8月は「納涼歌舞伎」。5演目すべて、明治以降に書かれたもので、さらに4つが昭和・平成の作品。「シン・歌舞伎」ということか。納涼歌舞伎は、普段の歌舞伎座では古典の大役を演じる機会がない若手が、それに挑む場として始まったが、様変わりしてきた。
■後味の悪い『裸道中』
第一部の『裸道中』は清水次郎長の外伝もので、新国劇のために書かれた人情劇。食べるものも着るものもなくなった貧乏な夫婦の物語。愚かで粗暴な男を獅童がその通りに演じ、七之助がその夫に従う愚かな妻。2人がしっかりとその役を演じれば演じるほど、後味の悪い不愉快なものになった。昭和には受けたのかもしれないが、格差社会になったいまでは笑えない。誰が企画したのか知らないが、センスを疑う。
『大江山酒呑童子』は17代目勘三郎に当てて書かれたもので、18代目が継いで、勘九郎が継いだ「家の芸」。
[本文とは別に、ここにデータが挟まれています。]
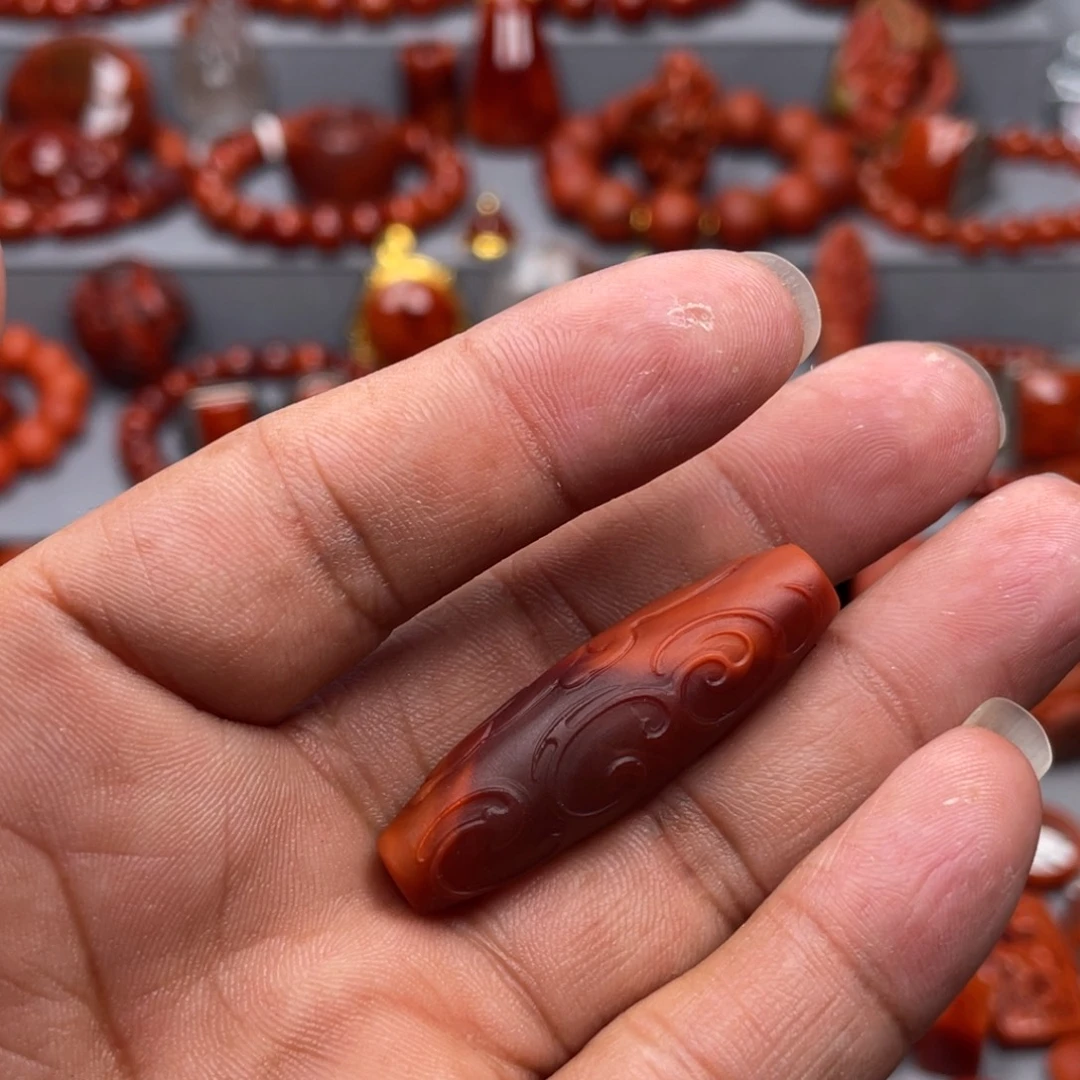 南红玛瑙未镶嵌珠宝奇石吊坠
踊りには定評ある勘九郎が存分に舞い、幸四郎、扇雀らも勘九郎を引き立てつつ、自分も見せていて、見応えがある。今月のなかではいちばん歌舞伎らしい。
第二部の真山青果作『新門辰五郎』は重厚だ。幕末の京を舞台にした庶民を主人公にした歴史劇で、幸四郎が辰五郎、勘九郎が会津の小鉄。2人とも親分としての風格はいまひとつだが、変革期に生きる人間の苦悩はよく描かれていた。歌六の存在感が圧倒的で、全体を締める。
重い芝居のあとは、明るく軽快な『団子売』で第二部は終わる。